May 1, 2014

Supreme Court Oral Arguments on the Presumption of Prudence

Executive Director

In the last email bulletin we reported on the oral arguments in the Dudenhoeffer v. Fifth Third Bank case, during which the Supreme Court heard oral arguments on the ESOP presumption of prudence. The case revolves around the decision of the Sixth Circuit Court not to dismiss a lawsuit over trustees' actions over company stock based the presumption. The decision was at odds with most other circuit courts. More details of those arguments follow.

Justice Scalia opened by saying that he was skeptical that holding stock may be a way to protect retirement interests. Justice Kagan worried that prudent fiduciaries would hold on to stock they knew from inside information to be overvalued even if this causes problems in the short run because the information will come out anyway. Justice Kennedy suggested the presumption of prudence could create a "coach class" trustee. Justice Ginsburg said the statue itself did not hard-wire a presumption of prudence.

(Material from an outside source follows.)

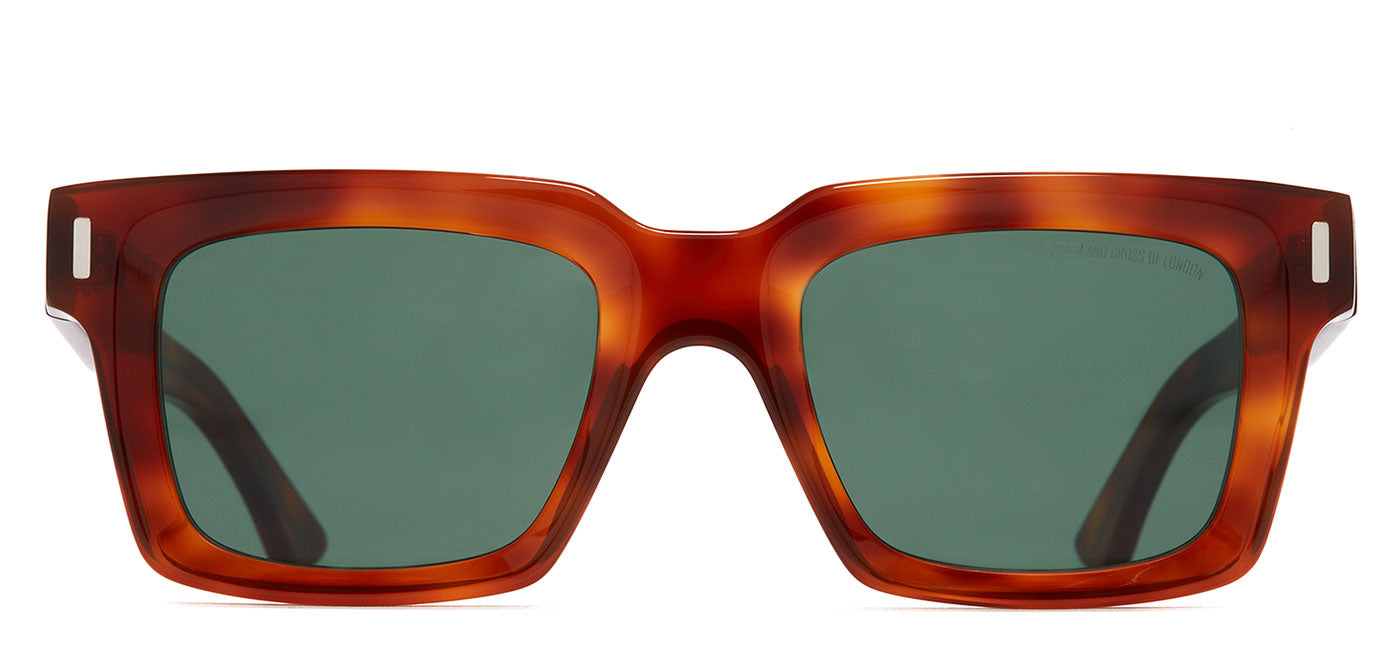 Cutler and Gross 1386 Sunglasses - Honey Havana / Green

But when it came to how to remedy this situation, the Justices were much more skeptical. Justice Breyer pointed out that there is "no rule of trust or ERISA law that you can breach a duty to a beneficiary by failing to use inside information. . . . So what is wrong with just saying that an ESOP fiduciary 'cannot have an obligation to use inside information'?" The Chief Justice said that the duties of an ESOP trustee were seemingly simple: "get up in the morning and... buy some of [his] company's stock." He asked the DOL counsel how can you "say that he has breached a duty of prudence when the people investing in this ought to know that what they're going to get is the company's stock?"

Most of the debated focused on what fiduciaries with inside information should do. Selling the stock could cause problems for participants if it pushed the stock lower; buying it would cause problems because it was overvalued. Justices Sotomayor and Kagan seemed clearly to side with the argument that the presumption should not apply and fiduciaries should use the inside information to make decisions for employee interests, but Justices Roberts, Breyer, and Kennedy seemed perplexed about just how fiduciaries could get out between the rock and hard place of the consequences of actions.

The arguments suggested that there may not be enough support just to retain the presumption of prudence rule at the pleadings stage, but also suggested that the Court might try to find some middle ground. A decision is expected in June.